The most florid arguments against the so called “nuclear option,” now widely considered as a measure that might be useful in passing the health care initiatives of President Barack Obama, Chris Dodd, Chuck Schumer, Harry Reid and the better angels of Hillary Clinton’s nature were made in 2005 by the Democratic politicians mentioned above.
A stern warning issued at the time by present Vice President Joe Biden was especially bracing.
In 2005, confronting an assault on the Republic by Republicans who were attempting to end a Democratic filibuster by employing the nuclear option, present Vice President Joe Biden said:
“I say to my friends on the Republican side: You may have the field right now, but you won’t have it forever. And I pray God: When the Democrats take back control, we don’t make the kind of naked power grab you are doing…”
Sen. Chris Dodd, who for more than 30 years had honed his oratory in the senate, rose to the occasion with a speech that even Sen. Robert Byrd, often complimented by Dodd as a rhetorician of great merit, might have found exemplary.
“I’ve never passed a single bill,” Dodd said of himself, “worth talking about that did not have as a lead co-sponsor a Republican, and I don’t know of any single piece of legislation that’s been adopted here that didn’t have a Republican and a Democrat in the lead. That’s because we need to sit down and work with each other. The rules of this institution have required that. That’s why we exist. Why have a bicameral legislative body? Why have two chambers? What were the framers thinking about 218 years ago? They understood, Mr. President, that there is a tyranny of the majority…”
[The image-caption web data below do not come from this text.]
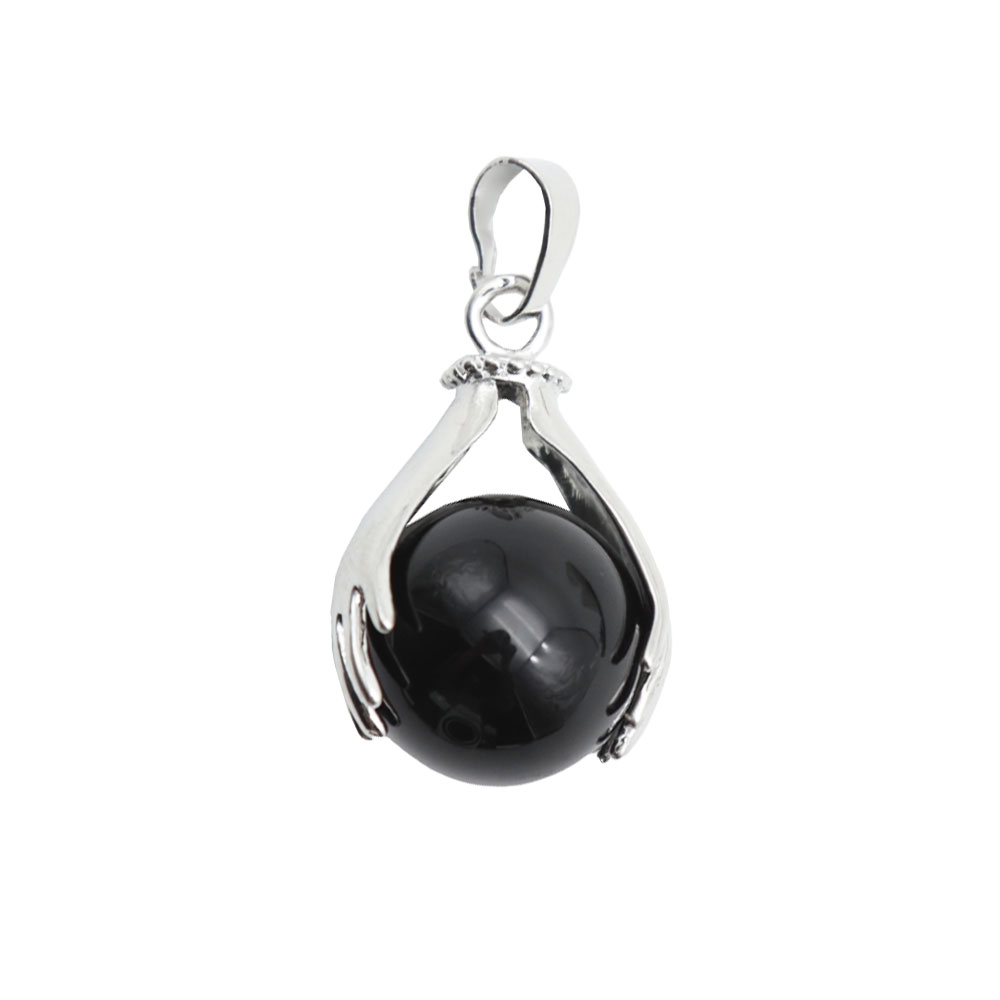 pendentif onyx deux mains
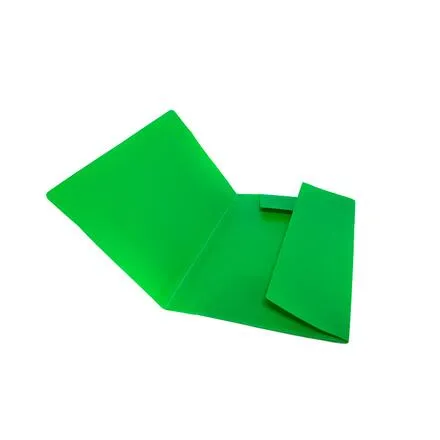 [6445] CARPETA C/ELASTICO PP A4 KOBY/DATA VERDE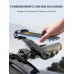 CIRYCASE Porta Cellulare Bici, Aggiornato [Protezione Completa & Blocco di Sicurezza] Porta Cellulare Moto Ruotabile a 360°, Porta Telefono Bici, Moto e Scooter, Compatibile con 4.7-6.8" Smartphone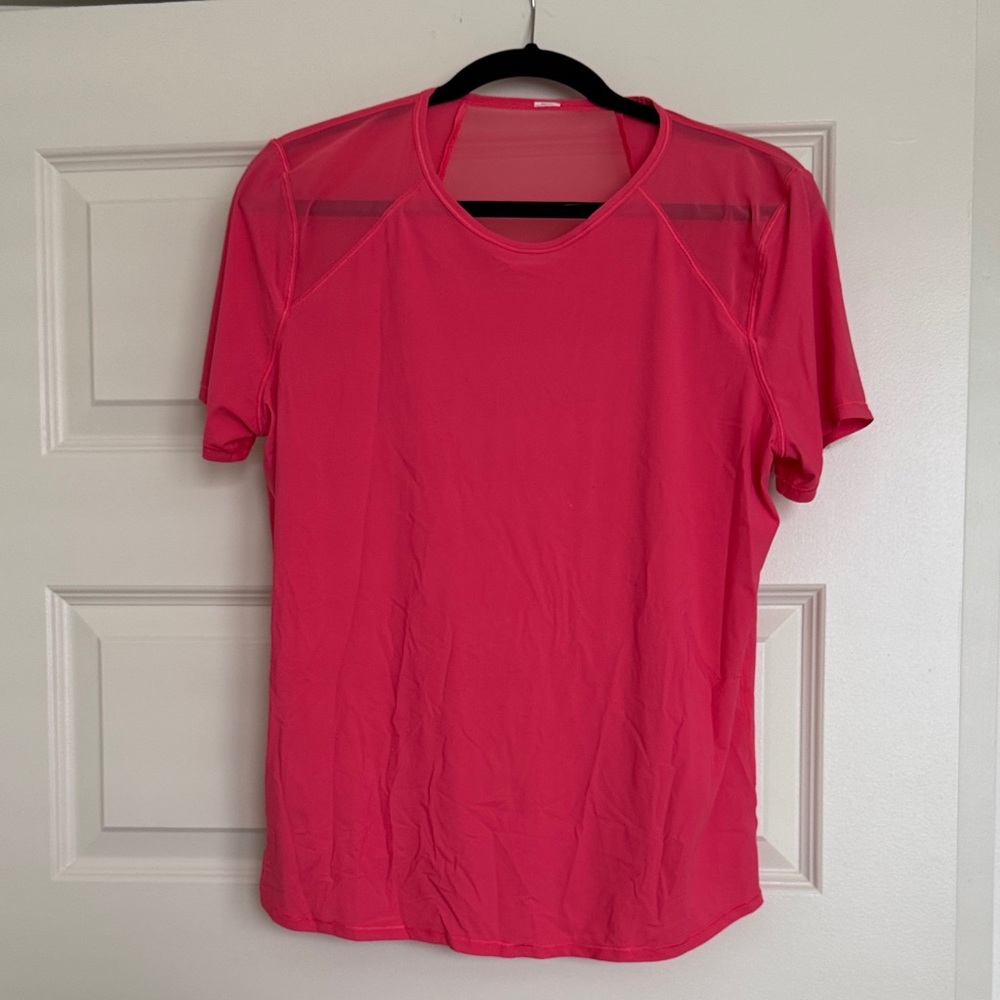 Lululemon Athletica Bright Pink Short Sleeve Tee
Other Democratic senators, most notably Chuck Schumer and Hillary Clinton, also spoke darkly about the tyranny of the majority. Pointing to Republican bad manners, Schumer intoned that Republicans were not above changing the nearly sacred rules of the senate to gain a temporary benefit. Pounding the podium for effect and brandishing a closed fist, Schumer said, “They want their way every time (pound). And they will change the rules (pound), break the rules (pound), misread the Constitution, so they will get their way.”
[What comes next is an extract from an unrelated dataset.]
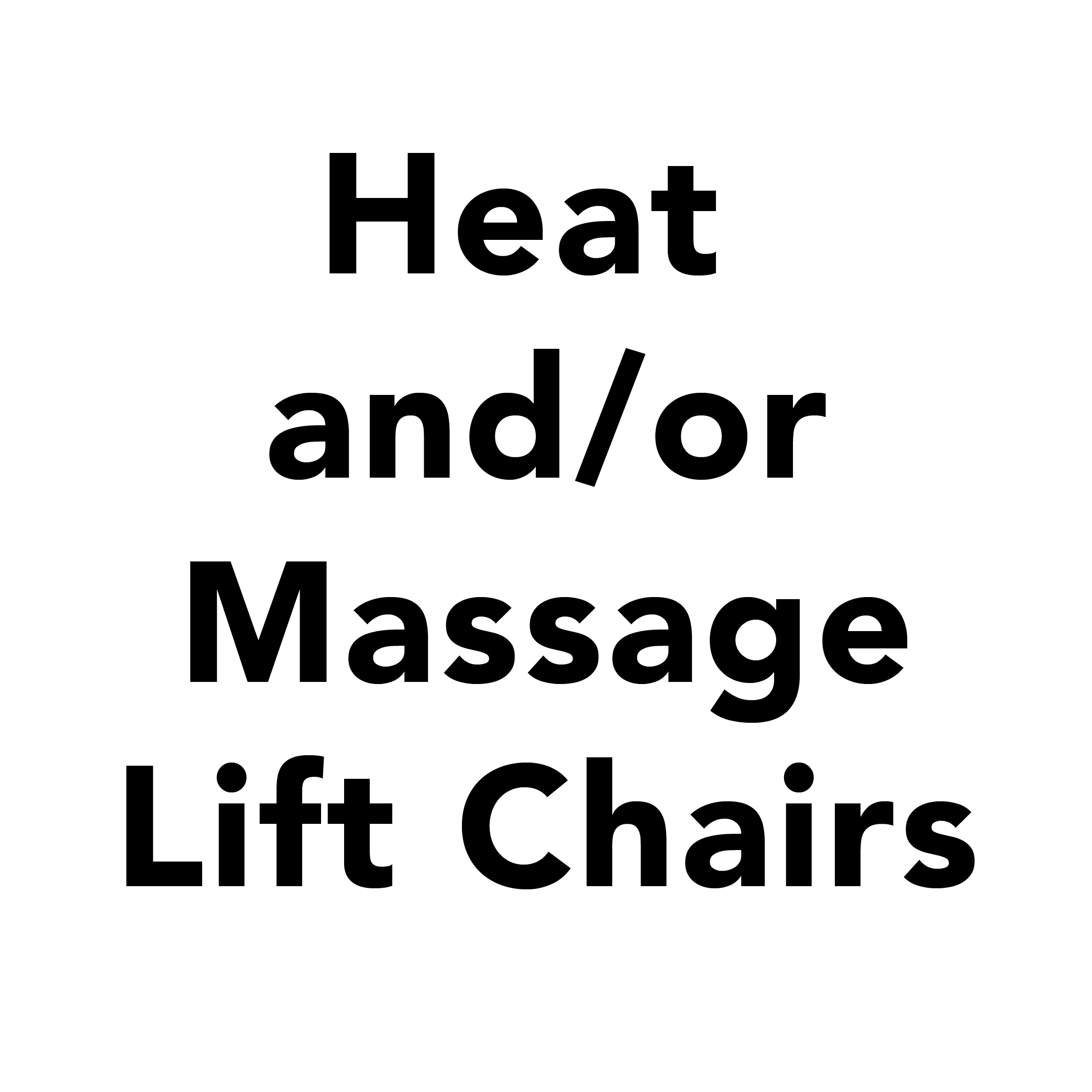 Heat and massage lift chairs category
Led by an alluring candidate whose executive experience was more deficient than that of Republican vice presidential nominee Sarah Palin, Democrats did manage a little more than a year ago to gain control of both houses of congress.
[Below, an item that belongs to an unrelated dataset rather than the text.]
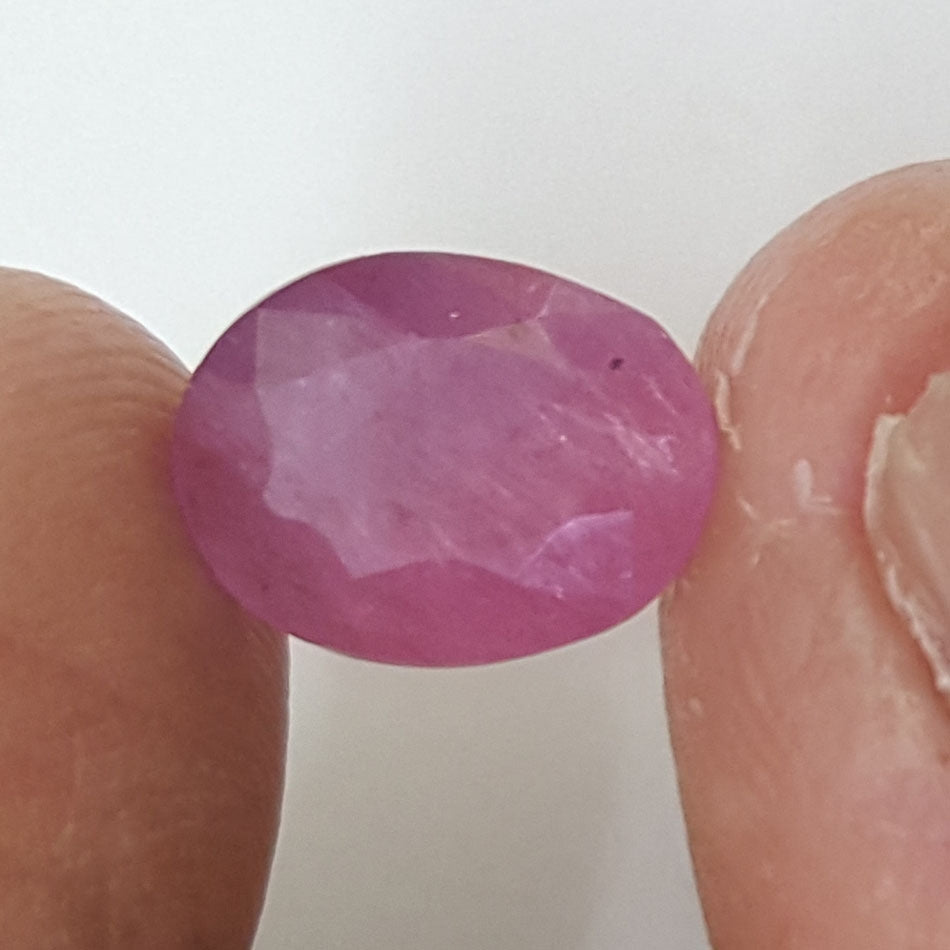 4.20/CT Natural Mozambique Ruby with Govt. Lab Certificate-RUBY9V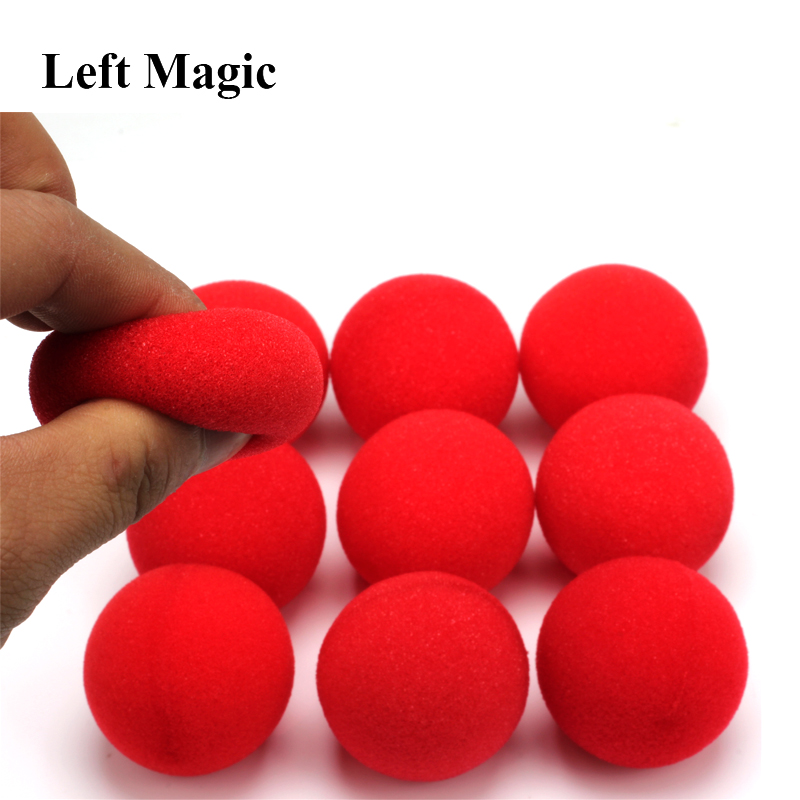 10Pcs 4.5Cm Vinger Spons Bal Goocheltrucs Klassieke Goochelaar Illusie Comedy Close-Up Stage Card Magic Accessoires e3132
Vice President Biden – who had prayed to God that Democrats, once having moved into the majority, would have the strength of character to avoid the near occasion of sin that Dodd also had condemned – is no doubt secretly disappointed that some or all of the orators of his party are not pledged to live up to his expectations.
The Democrats, for some time wielding a veto proof majority in both houses of congress, are now poised to pull the trigger on their very own nuclear option.
Perhaps Biden’s God will wink at their veniality.
News Channel 8 reports on Dodd’s surprising conversion.
“We did it on the Bush tax cuts, for instance,” said Dodd, “which was a major issue a few years ago. I’m not in favor of doing it on health care, but I also believe the issue is so important that I think the issue trumps the process.”
And Dodd, who bowed out of a defense of his seat this year, proffered some useful advice to his fellow Democrats seeking election: “You get blamed for having tried and you get blamed for having failed. I think you better go home and say; ‘we got something done.’ Let the other side be critical. Talk about the things we did that people like.”
In an attempt to declare his independence of both the left wing of his party and the Obama administration, senatorial hopeful Attorney General Richard Blumenthal seems to be carving out a middle way for himself. He has, for instance, supported Obama’s aggressive war in Afghanistan and yet has differed with the president on the question of civil trials for the terrorists involved in the destruction of the World Trade Center Towers in New York. But as yet, no one has asked the man who hopes to replace Dodd in the senate whether he agrees with the sentiments flourished by Dodd in the Bush administration or those recently unveiled by the outgoing senator in the post Bush era.